* What to do: When you reach the line containing "Cho Thuê 2 Căn" in the data below, begin returning lines exactly as written, and stop once the line containing "manfaat buah tin dan zaitun dalam al quran" has been returned.
.....
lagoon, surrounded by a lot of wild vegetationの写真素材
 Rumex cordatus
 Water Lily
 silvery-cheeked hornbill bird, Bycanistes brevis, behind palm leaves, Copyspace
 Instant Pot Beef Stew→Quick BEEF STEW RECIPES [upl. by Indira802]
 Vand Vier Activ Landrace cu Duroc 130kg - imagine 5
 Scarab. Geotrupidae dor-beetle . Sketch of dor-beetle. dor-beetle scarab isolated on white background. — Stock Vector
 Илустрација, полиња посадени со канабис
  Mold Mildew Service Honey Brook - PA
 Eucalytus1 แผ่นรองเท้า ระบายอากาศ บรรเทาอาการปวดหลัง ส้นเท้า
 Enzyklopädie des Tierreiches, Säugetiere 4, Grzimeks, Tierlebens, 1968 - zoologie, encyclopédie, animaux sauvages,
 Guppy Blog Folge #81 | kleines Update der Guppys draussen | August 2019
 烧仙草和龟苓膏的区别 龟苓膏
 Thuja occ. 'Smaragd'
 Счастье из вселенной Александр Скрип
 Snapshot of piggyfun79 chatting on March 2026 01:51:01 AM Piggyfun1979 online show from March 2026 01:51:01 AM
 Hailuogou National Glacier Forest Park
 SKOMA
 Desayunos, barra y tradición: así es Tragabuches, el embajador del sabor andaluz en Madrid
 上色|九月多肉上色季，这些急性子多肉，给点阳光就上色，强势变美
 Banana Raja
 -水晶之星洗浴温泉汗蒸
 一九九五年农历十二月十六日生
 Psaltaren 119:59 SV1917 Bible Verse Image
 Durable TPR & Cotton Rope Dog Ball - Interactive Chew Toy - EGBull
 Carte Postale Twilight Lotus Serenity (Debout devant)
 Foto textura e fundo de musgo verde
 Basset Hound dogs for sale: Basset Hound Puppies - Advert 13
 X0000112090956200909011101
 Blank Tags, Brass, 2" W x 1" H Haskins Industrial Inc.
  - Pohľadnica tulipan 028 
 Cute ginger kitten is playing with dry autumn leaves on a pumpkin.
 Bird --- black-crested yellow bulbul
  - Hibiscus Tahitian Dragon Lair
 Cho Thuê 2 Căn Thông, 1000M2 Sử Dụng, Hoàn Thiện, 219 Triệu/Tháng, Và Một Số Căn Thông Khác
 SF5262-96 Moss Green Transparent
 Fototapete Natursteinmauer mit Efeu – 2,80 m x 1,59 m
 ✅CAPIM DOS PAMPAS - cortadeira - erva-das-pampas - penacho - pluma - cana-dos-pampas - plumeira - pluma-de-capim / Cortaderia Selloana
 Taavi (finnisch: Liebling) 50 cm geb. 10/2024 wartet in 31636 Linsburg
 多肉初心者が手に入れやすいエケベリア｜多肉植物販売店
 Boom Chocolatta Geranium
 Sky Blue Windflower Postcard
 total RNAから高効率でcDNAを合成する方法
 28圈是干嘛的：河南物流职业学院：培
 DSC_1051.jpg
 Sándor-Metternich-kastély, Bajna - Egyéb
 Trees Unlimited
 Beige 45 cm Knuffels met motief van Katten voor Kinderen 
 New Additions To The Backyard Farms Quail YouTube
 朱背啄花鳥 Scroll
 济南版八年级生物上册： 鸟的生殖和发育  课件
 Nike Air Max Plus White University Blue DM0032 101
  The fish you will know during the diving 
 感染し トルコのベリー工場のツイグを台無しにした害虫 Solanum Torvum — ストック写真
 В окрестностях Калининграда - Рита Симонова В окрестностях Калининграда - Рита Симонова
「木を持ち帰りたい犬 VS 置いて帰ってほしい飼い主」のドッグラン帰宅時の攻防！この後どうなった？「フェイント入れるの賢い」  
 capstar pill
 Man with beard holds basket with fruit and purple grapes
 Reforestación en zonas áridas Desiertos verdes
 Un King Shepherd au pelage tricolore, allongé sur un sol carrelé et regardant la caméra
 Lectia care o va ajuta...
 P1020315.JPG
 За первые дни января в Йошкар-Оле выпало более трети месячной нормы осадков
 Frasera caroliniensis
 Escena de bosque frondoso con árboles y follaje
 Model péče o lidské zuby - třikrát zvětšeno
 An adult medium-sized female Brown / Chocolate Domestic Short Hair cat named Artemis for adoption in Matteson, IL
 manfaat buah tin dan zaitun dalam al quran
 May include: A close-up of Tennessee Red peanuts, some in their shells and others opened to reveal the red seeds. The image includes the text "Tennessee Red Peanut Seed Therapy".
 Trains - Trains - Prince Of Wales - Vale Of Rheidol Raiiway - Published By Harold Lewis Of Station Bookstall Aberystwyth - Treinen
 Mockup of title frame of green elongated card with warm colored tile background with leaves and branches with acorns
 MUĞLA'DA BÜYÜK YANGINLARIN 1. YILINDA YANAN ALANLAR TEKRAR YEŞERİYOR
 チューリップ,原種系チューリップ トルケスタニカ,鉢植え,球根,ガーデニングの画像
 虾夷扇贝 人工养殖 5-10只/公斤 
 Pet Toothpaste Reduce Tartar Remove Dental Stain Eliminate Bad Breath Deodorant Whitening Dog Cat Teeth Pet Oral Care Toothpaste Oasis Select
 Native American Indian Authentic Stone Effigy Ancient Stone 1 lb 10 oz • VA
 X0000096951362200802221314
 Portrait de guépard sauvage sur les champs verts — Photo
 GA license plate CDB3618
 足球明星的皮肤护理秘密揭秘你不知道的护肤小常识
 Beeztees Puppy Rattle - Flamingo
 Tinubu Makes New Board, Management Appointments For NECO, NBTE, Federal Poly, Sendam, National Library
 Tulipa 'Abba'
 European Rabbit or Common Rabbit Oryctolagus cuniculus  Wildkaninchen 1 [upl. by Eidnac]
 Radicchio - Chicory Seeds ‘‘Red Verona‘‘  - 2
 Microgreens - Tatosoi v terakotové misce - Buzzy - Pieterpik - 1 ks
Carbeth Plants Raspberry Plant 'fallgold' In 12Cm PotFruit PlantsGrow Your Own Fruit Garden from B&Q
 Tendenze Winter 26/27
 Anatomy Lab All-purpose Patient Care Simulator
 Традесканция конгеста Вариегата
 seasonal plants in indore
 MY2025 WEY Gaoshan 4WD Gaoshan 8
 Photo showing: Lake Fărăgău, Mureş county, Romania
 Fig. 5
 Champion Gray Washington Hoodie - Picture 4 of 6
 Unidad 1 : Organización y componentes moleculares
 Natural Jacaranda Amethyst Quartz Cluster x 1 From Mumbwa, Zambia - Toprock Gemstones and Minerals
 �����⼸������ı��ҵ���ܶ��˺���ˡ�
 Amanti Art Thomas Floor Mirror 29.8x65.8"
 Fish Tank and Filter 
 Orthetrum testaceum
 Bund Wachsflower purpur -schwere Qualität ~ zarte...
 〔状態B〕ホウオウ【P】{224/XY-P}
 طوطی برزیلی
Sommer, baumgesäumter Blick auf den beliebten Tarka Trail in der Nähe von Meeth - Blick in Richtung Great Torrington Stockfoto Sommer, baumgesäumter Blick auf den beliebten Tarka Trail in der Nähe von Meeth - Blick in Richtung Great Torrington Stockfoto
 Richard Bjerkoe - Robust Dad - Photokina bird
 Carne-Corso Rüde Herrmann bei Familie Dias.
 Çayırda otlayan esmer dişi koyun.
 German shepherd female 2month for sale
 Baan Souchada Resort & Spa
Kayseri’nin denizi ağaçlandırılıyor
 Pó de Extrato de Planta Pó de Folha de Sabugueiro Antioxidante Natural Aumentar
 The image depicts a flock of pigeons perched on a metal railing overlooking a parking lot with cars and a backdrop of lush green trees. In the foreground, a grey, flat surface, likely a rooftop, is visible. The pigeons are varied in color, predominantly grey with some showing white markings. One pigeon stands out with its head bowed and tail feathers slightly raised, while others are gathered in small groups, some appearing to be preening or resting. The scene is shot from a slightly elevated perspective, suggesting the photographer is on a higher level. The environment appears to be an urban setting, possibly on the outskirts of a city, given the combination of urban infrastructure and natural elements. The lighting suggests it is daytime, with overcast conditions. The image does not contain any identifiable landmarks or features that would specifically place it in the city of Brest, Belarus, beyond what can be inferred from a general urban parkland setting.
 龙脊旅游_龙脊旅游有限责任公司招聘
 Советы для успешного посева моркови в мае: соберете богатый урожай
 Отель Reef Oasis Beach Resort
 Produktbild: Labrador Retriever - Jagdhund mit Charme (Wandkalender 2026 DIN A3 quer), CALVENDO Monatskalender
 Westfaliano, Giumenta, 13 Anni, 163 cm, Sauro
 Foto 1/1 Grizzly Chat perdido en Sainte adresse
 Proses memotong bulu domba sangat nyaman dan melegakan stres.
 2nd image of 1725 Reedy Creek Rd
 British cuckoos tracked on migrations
.....
* Finished exercise:
 Cho Thuê 2 Căn Thông, 1000M2 Sử Dụng, Hoàn Thiện, 219 Triệu/Tháng, Và Một Số Căn Thông Khác
 SF5262-96 Moss Green Transparent
 Fototapete Natursteinmauer mit Efeu – 2,80 m x 1,59 m
 ✅CAPIM DOS PAMPAS - cortadeira - erva-das-pampas - penacho - pluma - cana-dos-pampas - plumeira - pluma-de-capim / Cortaderia Selloana
 Taavi (finnisch: Liebling) 50 cm geb. 10/2024 wartet in 31636 Linsburg
 多肉初心者が手に入れやすいエケベリア｜多肉植物販売店
 Boom Chocolatta Geranium
 Sky Blue Windflower Postcard
 total RNAから高効率でcDNAを合成する方法
 28圈是干嘛的：河南物流职业学院：培
 DSC_1051.jpg
 Sándor-Metternich-kastély, Bajna - Egyéb
 Trees Unlimited
 Beige 45 cm Knuffels met motief van Katten voor Kinderen 
 New Additions To The Backyard Farms Quail YouTube
 朱背啄花鳥 Scroll
 济南版八年级生物上册： 鸟的生殖和发育  课件
 Nike Air Max Plus White University Blue DM0032 101
  The fish you will know during the diving 
 感染し トルコのベリー工場のツイグを台無しにした害虫 Solanum Torvum — ストック写真
 В окрестностях Калининграда - Рита Симонова В окрестностях Калининграда - Рита Симонова
「木を持ち帰りたい犬 VS 置いて帰ってほしい飼い主」のドッグラン帰宅時の攻防！この後どうなった？「フェイント入れるの賢い」  
 capstar pill
 Man with beard holds basket with fruit and purple grapes
 Reforestación en zonas áridas Desiertos verdes
 Un King Shepherd au pelage tricolore, allongé sur un sol carrelé et regardant la caméra
 Lectia care o va ajuta...
 P1020315.JPG
 За первые дни января в Йошкар-Оле выпало более трети месячной нормы осадков
 Frasera caroliniensis
 Escena de bosque frondoso con árboles y follaje
 Model péče o lidské zuby - třikrát zvětšeno
 An adult medium-sized female Brown / Chocolate Domestic Short Hair cat named Artemis for adoption in Matteson, IL
 manfaat buah tin dan zaitun dalam al quran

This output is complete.